張晨繼續笑道:“我知道我們的主頁,已經上網了。”
“張總您是怎么知道的?”
“因為已經有人打電話過來了。”
“已經有人打電話過來了?這么快?哈哈。”馬老師坐在那里,樂得拍起了手,好像這電話是打給他似的,或者說,比打給他更讓他感到興奮。
“是不是有效果,張總?”
張晨點了點頭,和他說:“雖然現在還沒有談成一筆生意,但我相信是有效果的。”
兩個人正說著話,張晨桌上的電話響了,張晨一接起來,里面就傳出了鄭慧紅的叫聲,雖然她很興奮,但說話的聲音還是嚶嚶嚶嚶的,張晨一聽是她,干脆按下了免提鍵:
“張總,張總,我上網了!我看到我們公司了!我們公司,真的在網上了!”
“太好了!”張晨說,“鄭慧紅,它長什么樣的?”
“它長得長得…哎呀,張總,我也說不清,反正就很好看就對了。”鄭慧紅說著,張晨笑了起來。

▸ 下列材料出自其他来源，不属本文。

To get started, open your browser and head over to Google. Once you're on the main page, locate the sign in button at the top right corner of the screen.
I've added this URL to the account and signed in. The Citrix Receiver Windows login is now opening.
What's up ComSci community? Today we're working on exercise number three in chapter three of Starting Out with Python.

馬老師奇怪了,問張晨:“是不是你們三堡那小姑娘?她在哪里上的網?”
張晨有些得意地說:“我派她去北京上的網,現在在中科院的自動化研究所。”
“張晨,等等啊,叔叔他把照相機找出來了。”電話里傳來了孫猴的聲音,“他把你們公司拍下來,讓小鄭帶回去。”
“好好,謝謝猴,也幫我謝謝叔叔!”張晨知道,這叔叔應該就是孫猴同學的父親,那位所長。
“不客氣,張晨,小事一樁。”孫猴說。
“孫猴,對你們是小事,對我們可是大事,謝謝你們!”張晨說著,馬老師在邊上不停地點頭。

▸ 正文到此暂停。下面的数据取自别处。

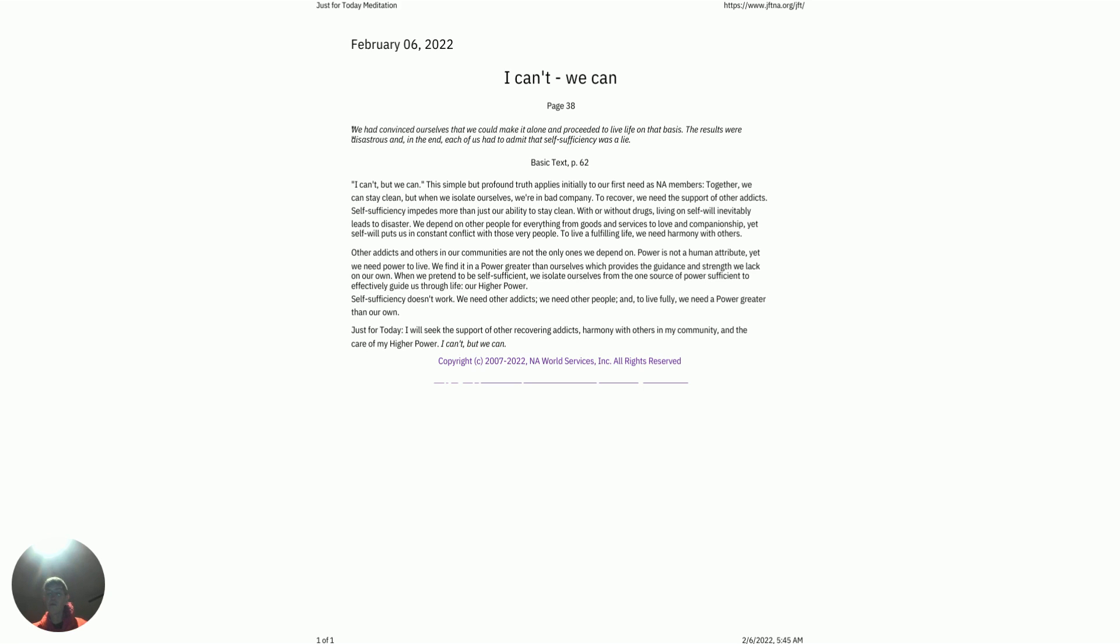Copyright 2007, NA World Services, all rights reserved. Thanks everyone, God bless, I love you all. We do recover.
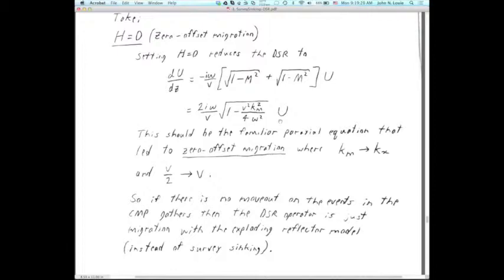Substituting VKm/omega back in, this is precisely the familiar paraxial equation we used in Geology 706 for zero offset migration. We solved that paraxial equation in several ways: Kirchhoff migration (superposition migration), FK migration (Stolt migration in the Fourier domain), and finite difference migration in the omega domain with physical M and Z domain. You have many ways of solving this equation, and similarly, any constant offset slice also has theta NMO equal to zero — so big H equals zero is also true of a non-zero offset constant offset slice.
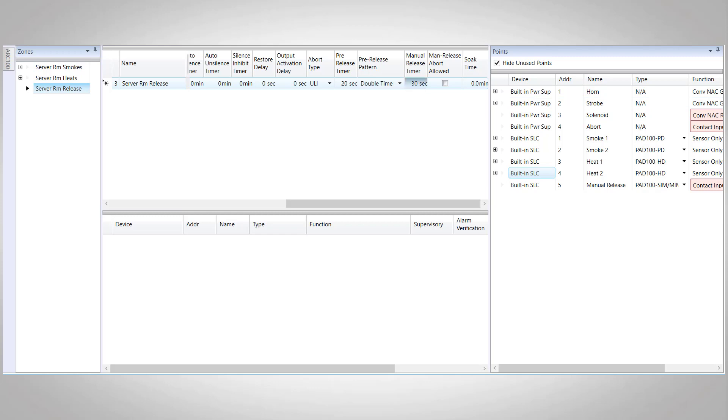Next up is the manual release timer for whenever the manual release pull station is activated. Again, for the purposes of our example, we're going to change this to 10 seconds. The next option is manual release abort allowed. If the manual release pull station is activated, can you use the abort switch to stop the release? And this is just a simple yes or no. By checking the box, you can allow an abort on a manual release activation.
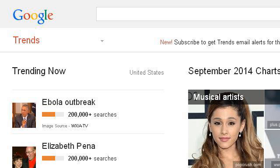Our top ranked site to learn about how to determine day trends versus long-term trends in the forex market is www.google.com, specifically the page titled Google Trends. This is the link.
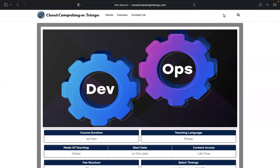The announcement is that we are going to start the DevOps second batch. We are going to start with this batch.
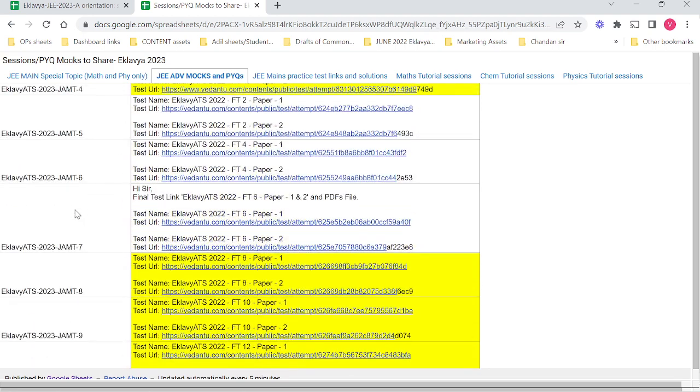These are 12 papers which are full syllabus tests based on JE Advanced pattern. You can make use of these as and when needed. These are different from the tests that we will be giving you as part of your full test series.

“張總,我還給我們公司申請了電子郵箱,我給幾個客戶都寫了電子郵件。”鄭慧紅繼續說,“叔叔人很好,他說,要是客戶給我們回電子郵件了,他就打印出來,傳真給我們!張總,我會發電子郵件了。”
馬老師湊過來說:“小鄭,恭喜你,你可能是杭城甚至我們浙江,第一個會寫電子郵件的人。”
“馬老師,是你嗎?”鄭慧紅問。
“對,是我,我在你們張老板這里。”馬老師說。
張晨看著馬老師,奇怪了,問道:“你也不會發電子郵件?”
馬老師搖了搖頭:“網都上不了,我怎么可能會發?”
“那你和美國公司的聯系?”張晨問。
“打電話,寫信,發傳真。”馬老師說。
張晨聽到電話里,那個叔叔好像在和孫猴說:“他們浙江人,這賺錢的腦子真好使,網都上不了,就做起網上的生意了。”

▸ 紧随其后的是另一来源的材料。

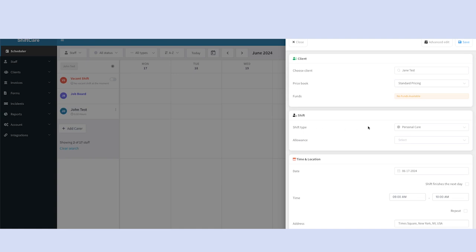You can select a shift type. These can be customized in your account settings section.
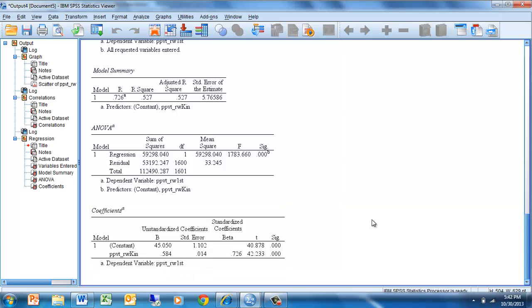So we see that these three methods — the scatter plot, the correlation, and the simple regression — all yield similar results, common results in some cases, and they all let us know about the nature of that relationship.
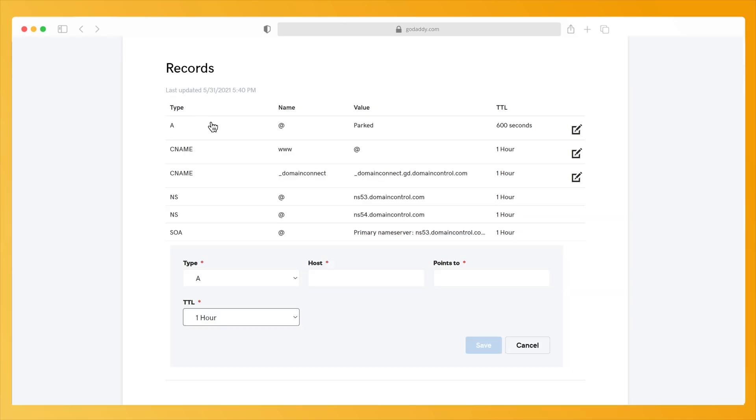Go back to your domain registrar. In the Host field, fill an at symbol, paste the IPv4 address in the Points to field. We recommend you set the TTL to 1 hour and click Save.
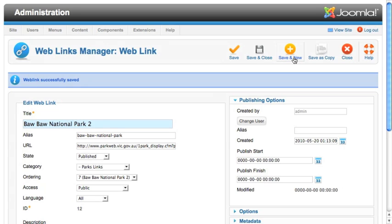Save & New is a new button in 1.6 that allows you to save the current page and then come back to a new item without having to go back to the list in between.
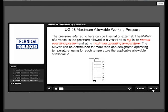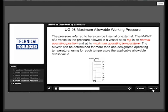The pressure referred to here can be internal or external. The MAWP of a vessel is the pressure allowed in a vessel at its top, in its normal operating position, and at its maximum operating temperature. The MAWP can be determined from more than one designated operating temperature, using for each temperature the applicable allowable stress value.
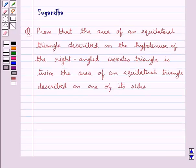Hello and welcome to the session. In this session we discuss the following question: Prove that the area of an equilateral triangle described on the hypotenuse of a right-angled isosceles triangle is twice the area of an equilateral triangle described on one of its sides.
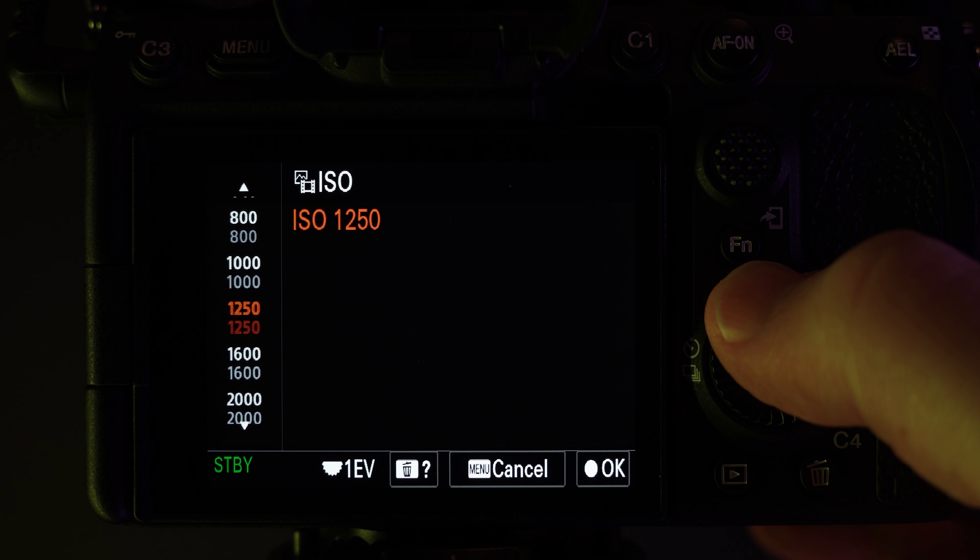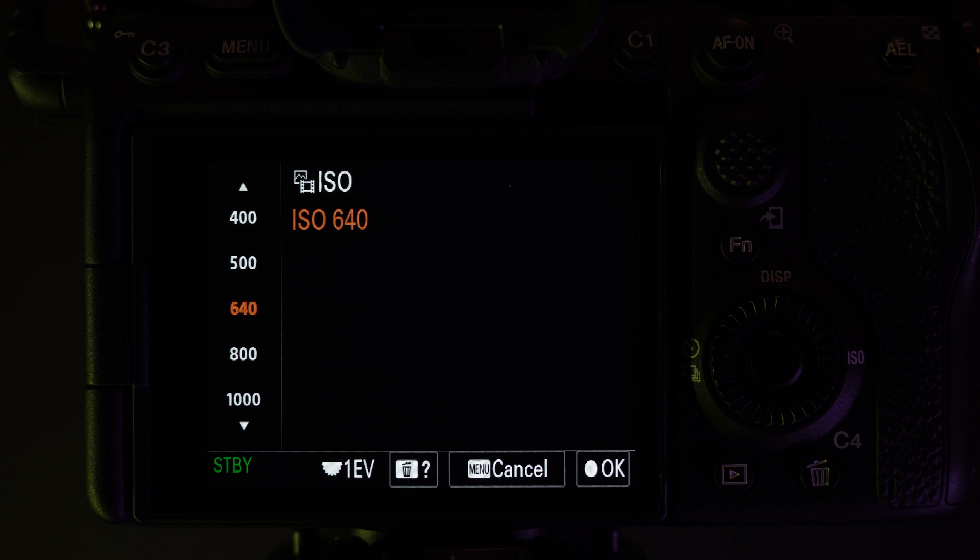The first thing to think about is ISO. The base ISOs for these two picture profiles are different. On the A7S III that I'm filming on now, S-Log3 has a base ISO of 640, whereas S-Cinetone has a base ISO of 100. That means if you're filming in bright daylight and you don't have an ND filter and you also don't want to change the aperture or overcrank the shutter speed, then S-Cinetone in this example might be a better choice.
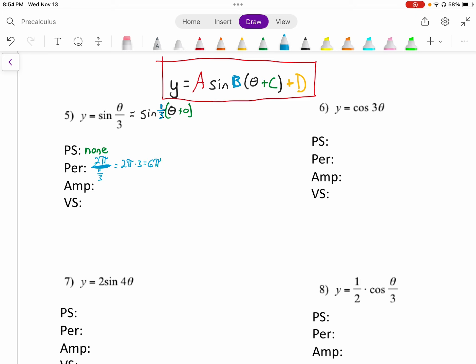Our amplitude comes from what is multiplied out front, and that's an understood 1 in this case, so the amplitude is just 1. And the vertical shift is what's added to the end — there's nothing added there, so the vertical shift is 0.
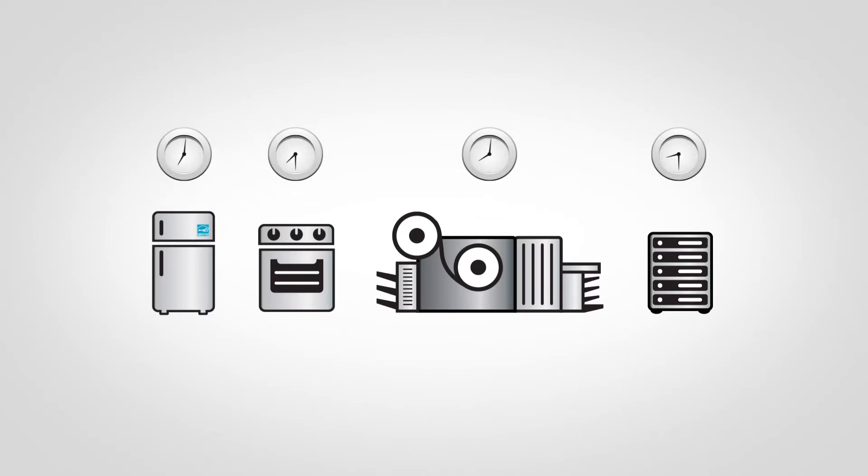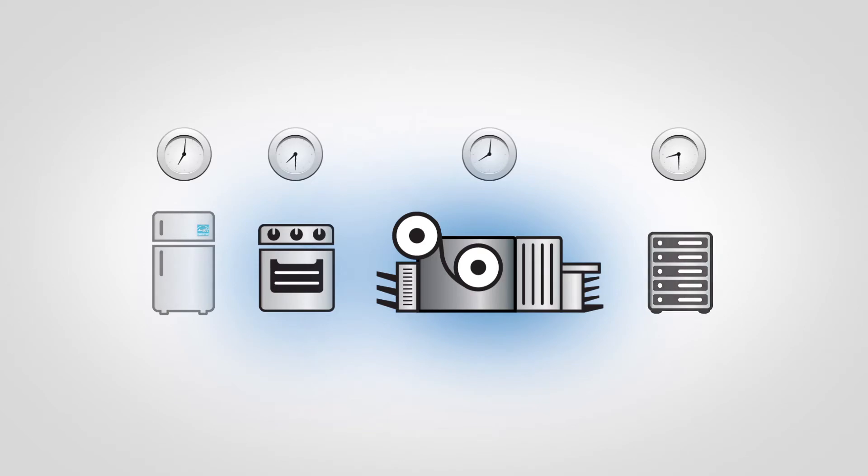These appliances often require more electricity when heating up. If you start them so the warm-up periods do not overlap, you can reduce your demand. When starting up very energy-intensive equipment, consider powering down other equipment to reduce consumption.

“是的,溫州人連普通話都還不會說,就全國跑了,那天一個到我那里推銷名片盒名片夾的,我們要靠在紙上寫,我才能真正聽懂他要說什么。”
孫猴說著,這邊,張晨和馬老師都笑了起來,馬老師說,溫州人何止跑全國,英文字母都認不全,就跑全世界去了,我在美國,就碰到做生意的溫州人,不會講普通話,更不會講英語。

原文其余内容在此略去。